Having an ocean science focused Twitter account can also be useful. Many researchers in ocean sciences have one and it can be a good way of finding out about who is doing what kind of research. Jobs and PhD opportunities are also advertised on Twitter and on LinkedIn.
Training is often done on the job, learning from more senior oceanographers, including those from different specialist areas, as well as with scientists from other disciplines such as physicists, environmentalists and engineers.
If you choose an academic career, your professional development is likely to take the form of undertaking original research, secondments, collaborative work, self-managed learning and professional seminars. Many employers encourage study towards a PhD if you don't already have one. There may be opportunities to study abroad.
There are several research organisations, some of which have particular specialisms, which may provide training, including:
Professional organisations such as IMarEST and SUT also provide opportunities for development and networking.
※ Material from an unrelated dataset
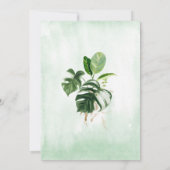 熱帯の緑葉のモダン赤ちゃんシャワー 招待状 (裏面)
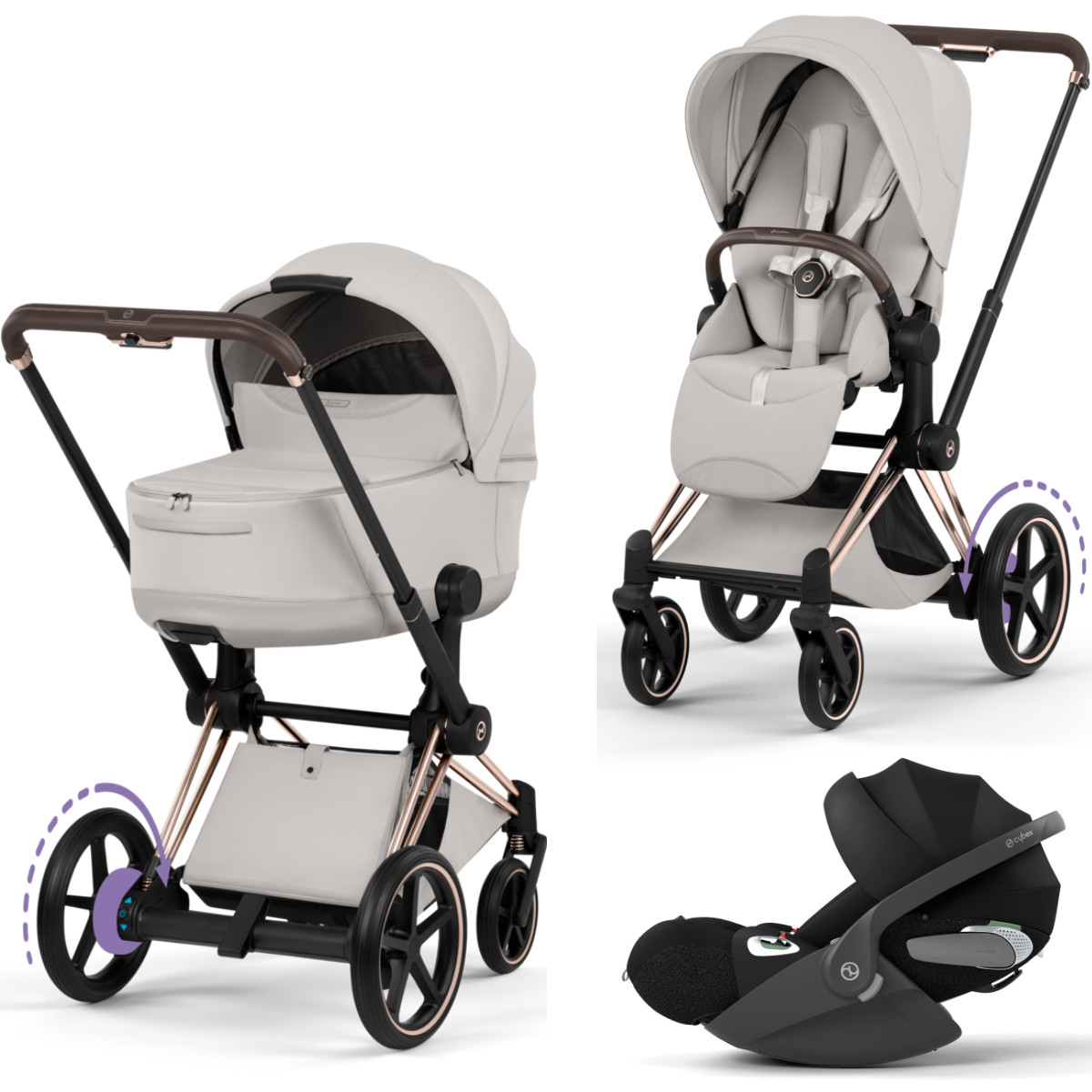Cybex E-Priam 5 Style Kinderwagen Set 3 in 1 incl. Cloud T i-Size Autostoel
You may be able to undertake short study periods at an overseas marine institute or work on short projects at sea. However, it's likely you'll have to fund this yourself - either at your own expense or by securing a grant.
Experienced oceanographers can apply for chartered status via a relevant professional body such as IMarEST, which offers Chartered Scientist, Chartered Marine Scientist (Oceanography) and Chartered Marine Technologist status.
Your career development is largely self-directed and may involve you having to move to other jobs around the UK and abroad. You could progress to senior scientist and then on to lead a team where you'll take on more responsibility for contract and project management. Seniority depends on the publication of research papers and having a range of experience.
If working in academia, you may combine departmental responsibilities with your own research. In a small profession like this, you need to network and build a reputation. You also need to acquire new skills and assimilate new knowledge quickly. It may be necessary to get involved in fields other than your own specialism, especially as many contracts and projects are fixed term. The key is your ability to adjust to changes of emphasis in scientific focus and funding.
If you're based in private industry and consultancy, your career prospects will often be dependent on wider economic and political factors in the energy sector, particularly oil.
Further studies at Masters or Doctorate level are often vital for career progression.